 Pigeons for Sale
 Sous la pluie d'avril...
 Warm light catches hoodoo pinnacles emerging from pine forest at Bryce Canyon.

- **Assignment**: Transcribe the entire listing above precisely.

- **Answer to the problem**:
 Pigeons for Sale
 Sous la pluie d'avril...
 Warm light catches hoodoo pinnacles emerging from pine forest at Bryce Canyon.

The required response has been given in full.